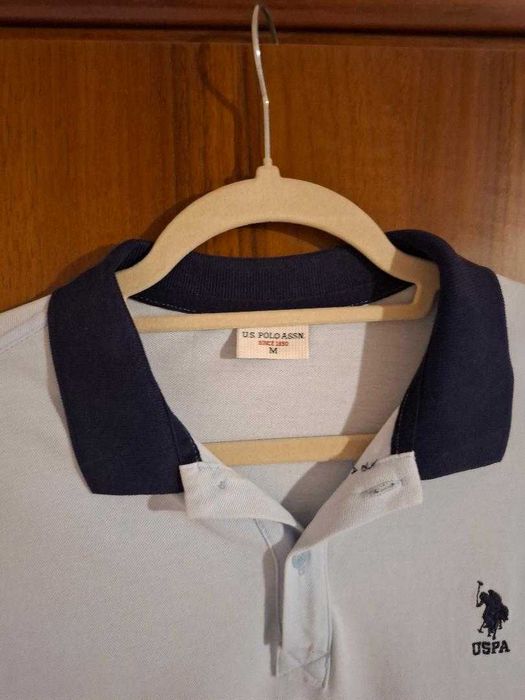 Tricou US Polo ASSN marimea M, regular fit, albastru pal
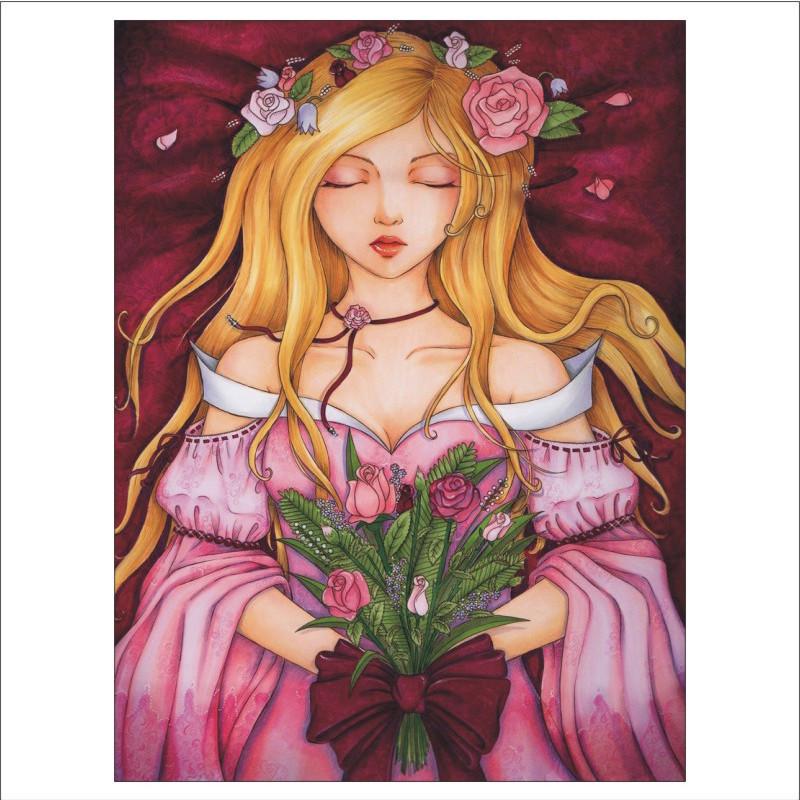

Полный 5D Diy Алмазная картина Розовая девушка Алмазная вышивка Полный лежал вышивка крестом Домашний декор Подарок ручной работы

--

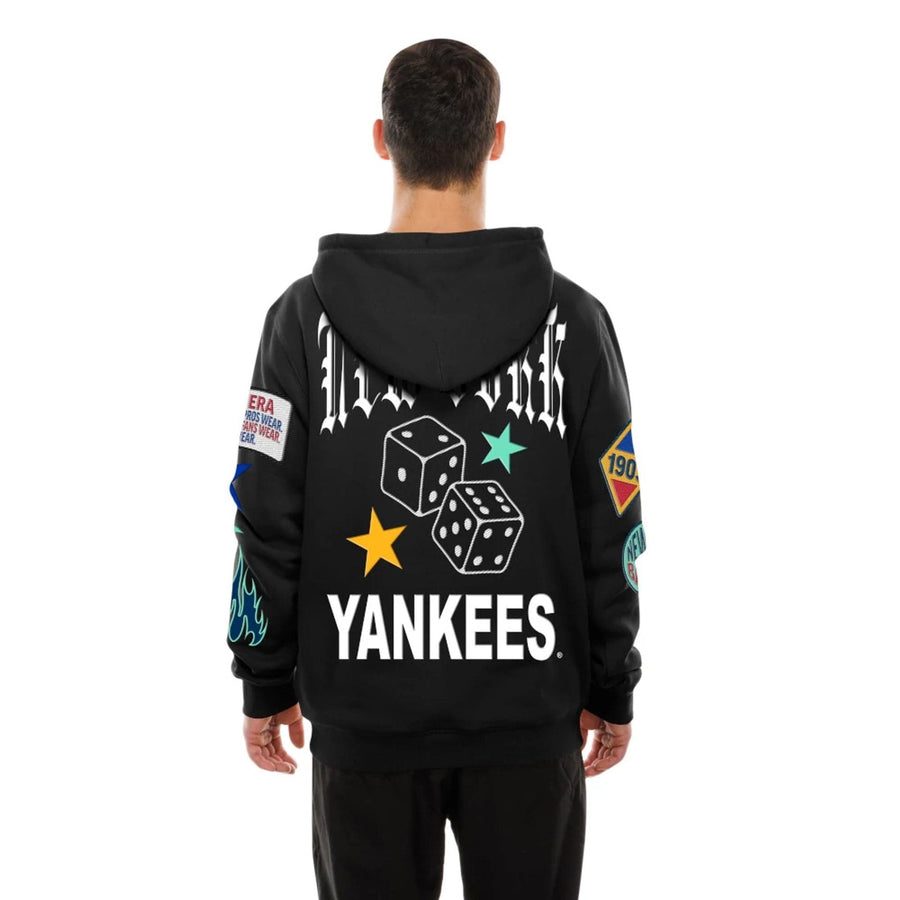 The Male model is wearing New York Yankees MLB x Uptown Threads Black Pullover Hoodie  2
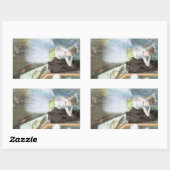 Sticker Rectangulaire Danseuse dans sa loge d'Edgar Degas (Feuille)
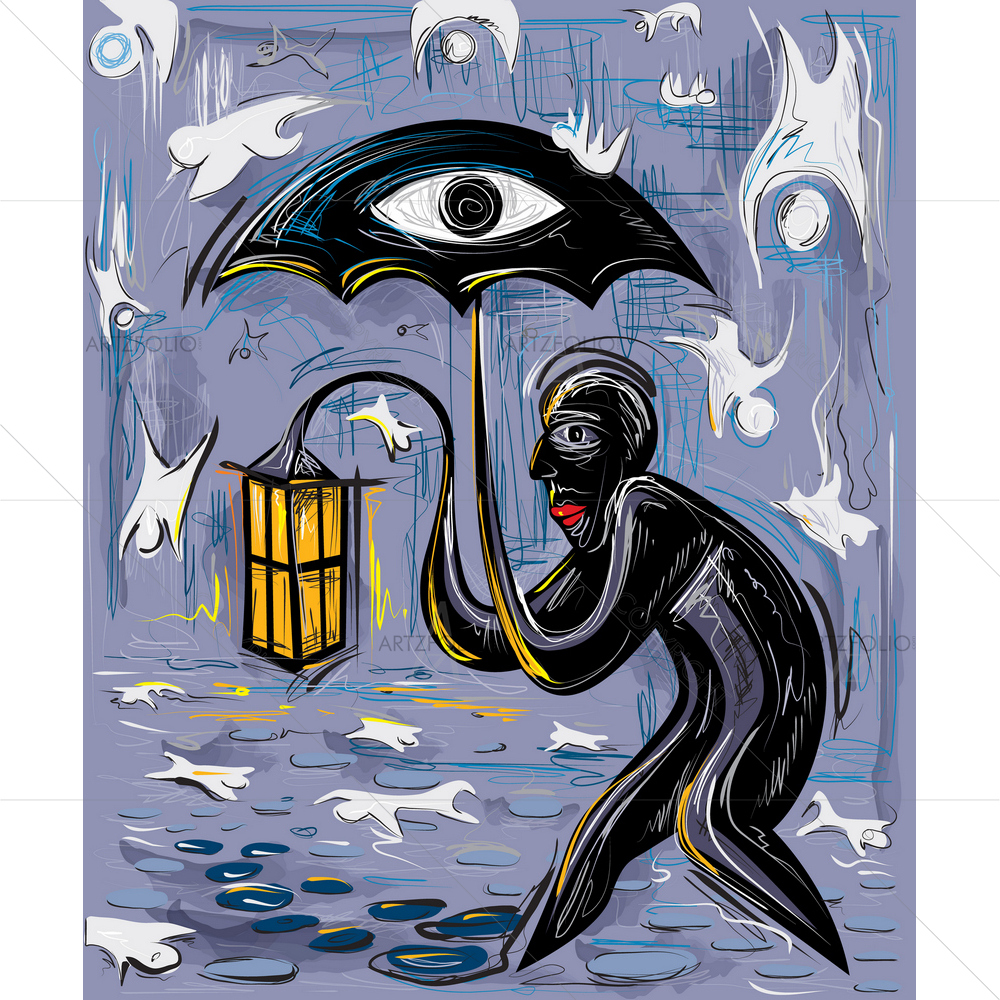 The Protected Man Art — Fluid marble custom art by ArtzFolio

---

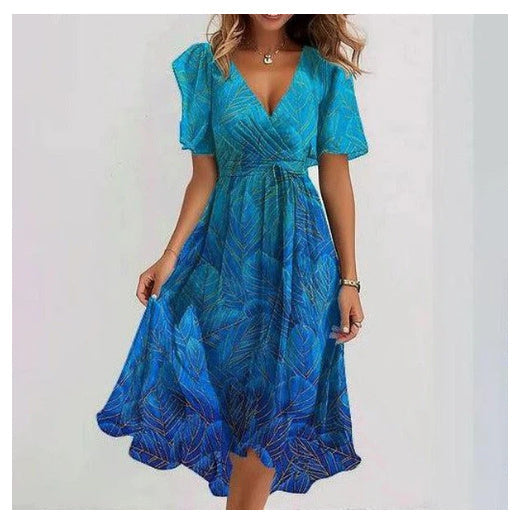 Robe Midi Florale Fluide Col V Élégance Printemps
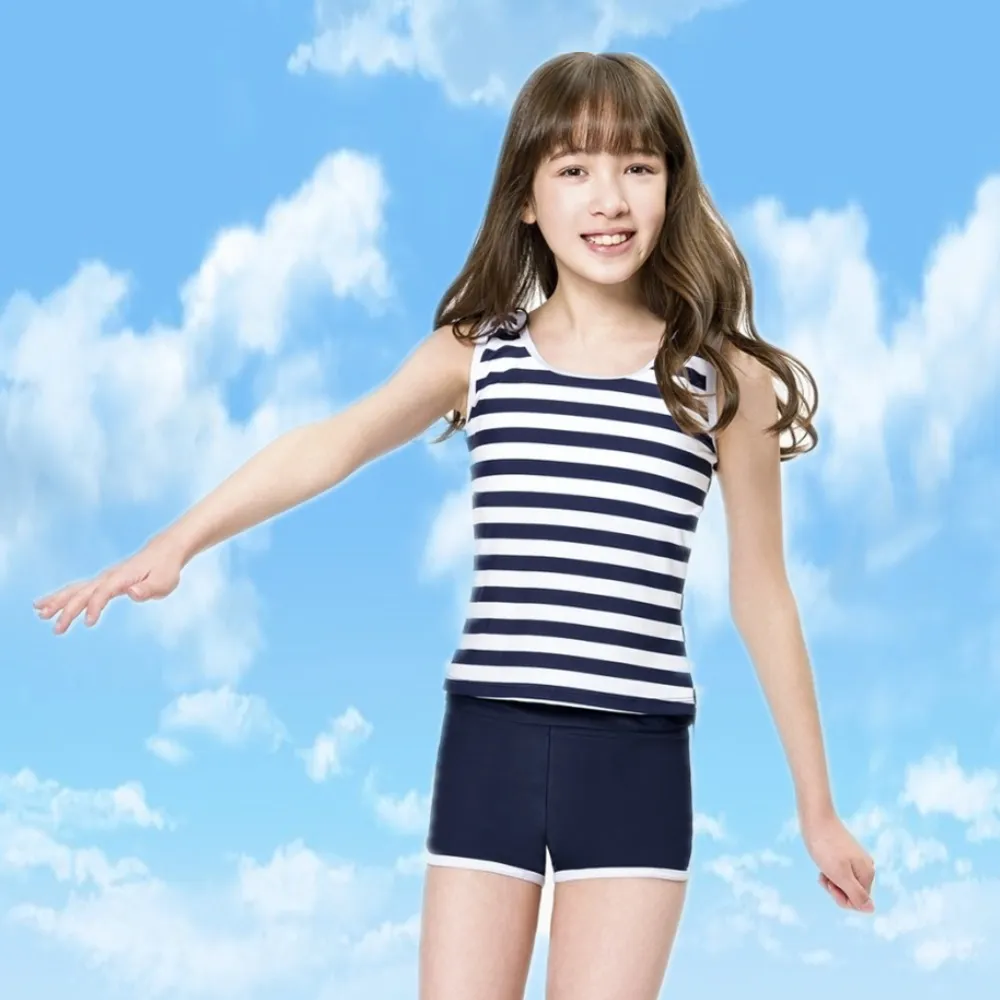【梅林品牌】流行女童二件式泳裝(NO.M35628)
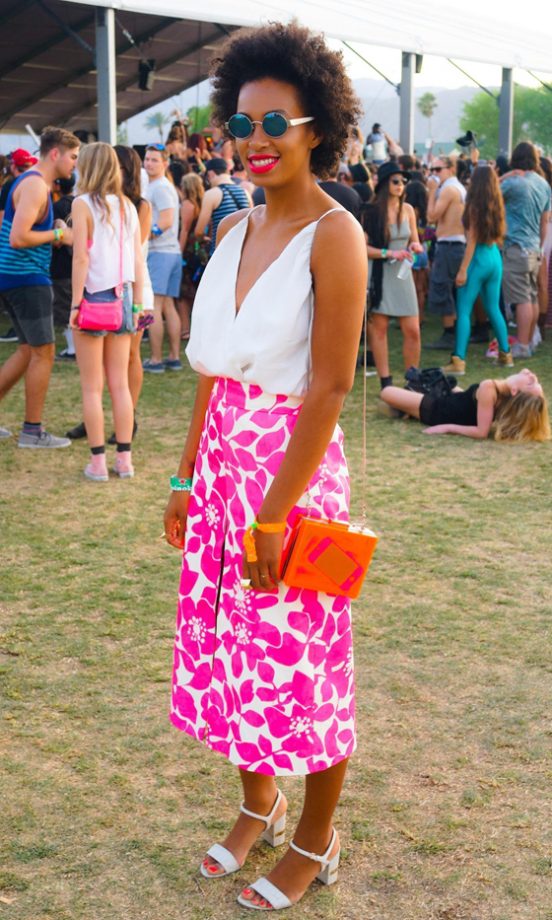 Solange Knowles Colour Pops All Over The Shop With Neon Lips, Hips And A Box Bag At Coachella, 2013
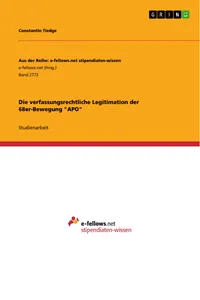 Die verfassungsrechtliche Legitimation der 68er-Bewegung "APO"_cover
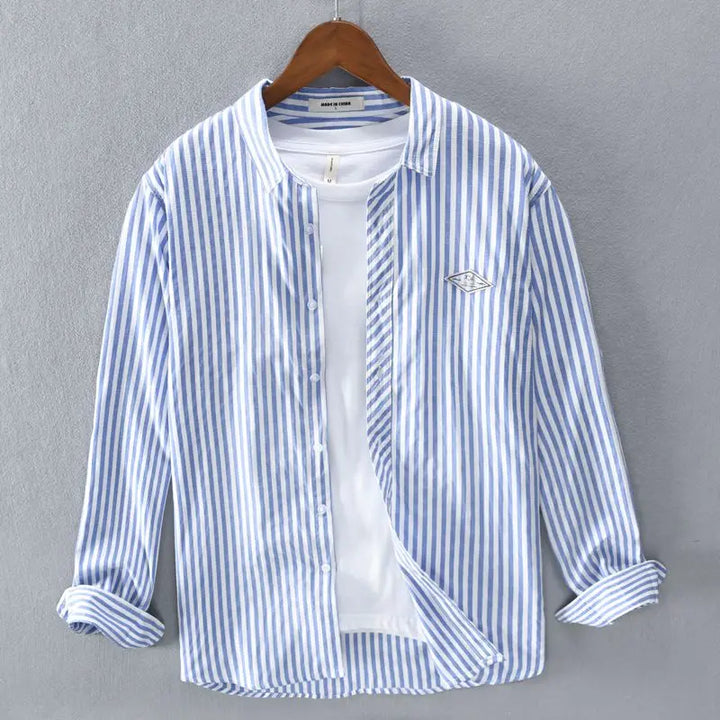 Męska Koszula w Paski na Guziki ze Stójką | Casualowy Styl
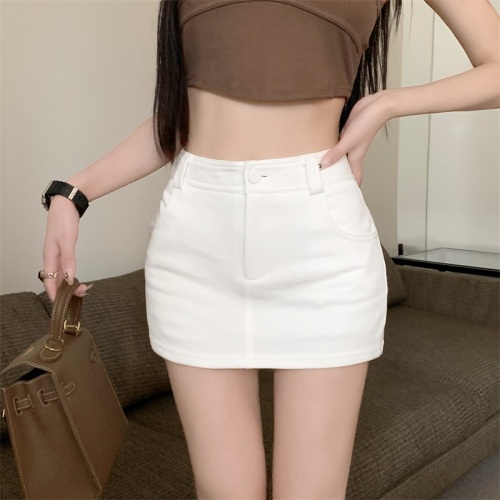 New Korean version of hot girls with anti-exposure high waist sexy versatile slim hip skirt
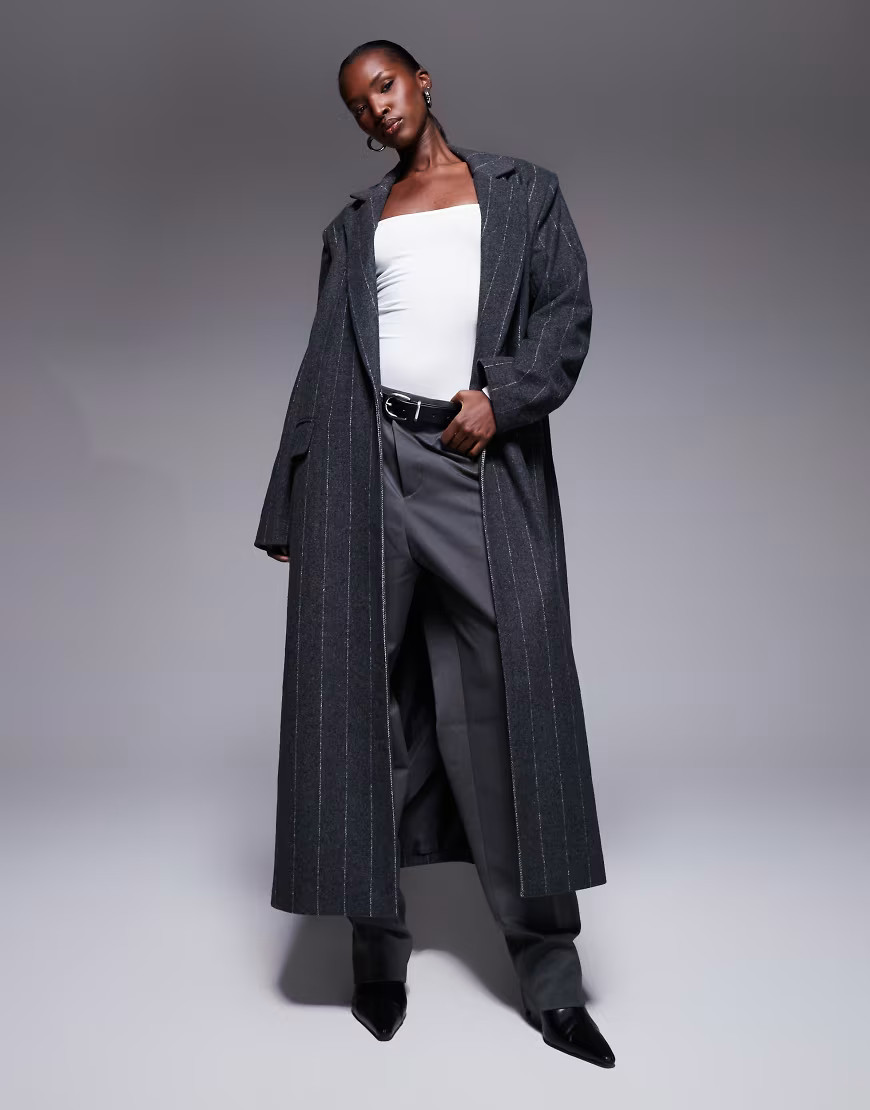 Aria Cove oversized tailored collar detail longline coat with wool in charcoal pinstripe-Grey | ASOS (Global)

_WHAT TO WORK ON_
Using the entries above, repeat exactly the lines from the one with "Die verfassungsrechtliche Legitimation" to the one with "Aria Cove oversized", both included, and leave the pictures behind.

_COMPLETED TASK_
 Die verfassungsrechtliche Legitimation der 68er-Bewegung "APO"_cover
 Męska Koszula w Paski na Guziki ze Stójką | Casualowy Styl
 New Korean version of hot girls with anti-exposure high waist sexy versatile slim hip skirt
 Aria Cove oversized tailored collar detail longline coat with wool in charcoal pinstripe-Grey | ASOS (Global)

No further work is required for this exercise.